THE TASK → No pictures go into the copy. Write out exactly the lines below from the one containing "Simba Seggiolone Giocattolo" through the one containing "2 BR Apartment, 5".
EXERCISE DATA below:
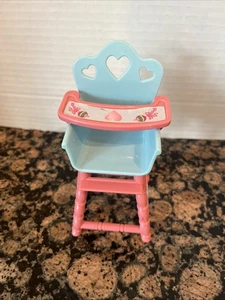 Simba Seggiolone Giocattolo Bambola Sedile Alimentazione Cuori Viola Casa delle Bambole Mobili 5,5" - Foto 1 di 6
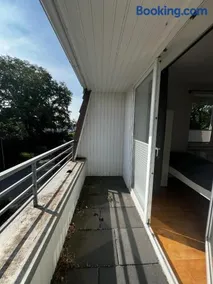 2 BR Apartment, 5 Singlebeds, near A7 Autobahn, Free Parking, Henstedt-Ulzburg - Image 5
End of EXERCISE DATA.
EXERCISE DATA below:
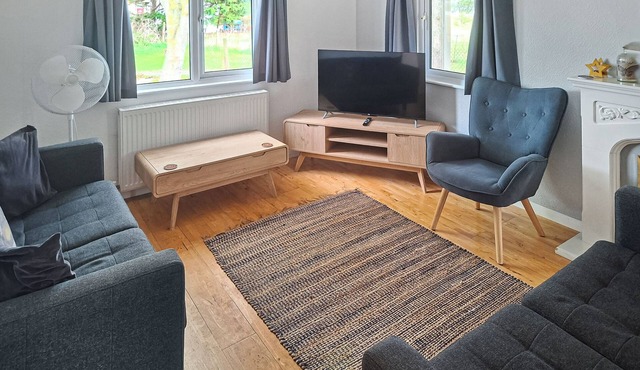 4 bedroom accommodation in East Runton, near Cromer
End of EXERCISE DATA.
ANSWER TO THE EXERCISE →
 Simba Seggiolone Giocattolo Bambola Sedile Alimentazione Cuori Viola Casa delle Bambole Mobili 5,5" - Foto 1 di 6
 2 BR Apartment, 5 Singlebeds, near A7 Autobahn, Free Parking, Henstedt-Ulzburg - Image 5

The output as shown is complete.